Anti-dentine Salivary SIgA in young adults with a history of dental trauma in deciduous teeth

Anti-dentin autoantibodies are associated with inflammatory root resorption in permanent teeth and are modulated by dental trauma and orthodontic force. However, it is not known whether deciduous tooth trauma can stimulate the development of a humoral immune response against dentin. The aim of this study was to evaluate the levels of salivary SIgA reactivity against human dentin extract in young adults with a history of trauma in the primary dentition. A sample of 78 patients, aged 18 to 25, who had completed an early childhood (0 to 5 years old) caries prevention program years earlier at the Universidade Estadual de LondrinaPediatric Clinic, underwent radiographic examination and salivary sampling. Anti-dentin SIgA levels were analyzed by immunoenzymatic assay and Western blotting. Although dental trauma to deciduous teeth had occurred in 34 (43.6%) of the patients, no differences in SIgA levels were detected between individuals who had experienced trauma and those who had not (p > 0.05).
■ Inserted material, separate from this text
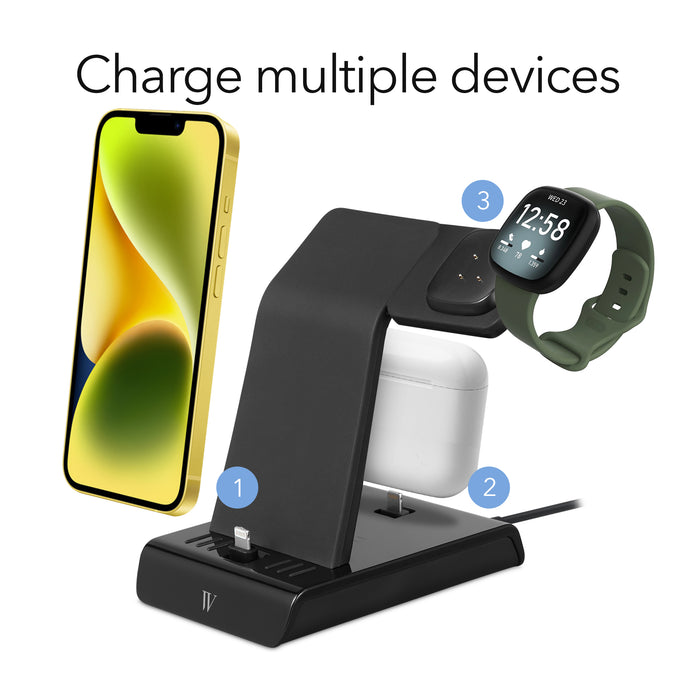 iPhone Charging Station 3-in-1 for Multiple Devices (iPhone, AirPods, and Fitbit) - Made for Fitbit (Black, 1 Pack)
Multivariate regression analysis showed no association between dental trauma and SIgA levels (p > 0.05). Patients with a history of deciduous trauma presented low levels of anti-dentin antibodies, associated with orthodontic root resorption (p < 0.05). Western blot analysis showed that salivary antibodies recognized a single band of approximately 45 kDa in dentin extract. We concluded that salivary SIgA recognizes a specific component of the dentin matrix and that anti-dentin antibodies were not triggered by trauma to primary teeth. However, trauma to deciduous teeth may down-modulate SIgA in response to orthodontic root response.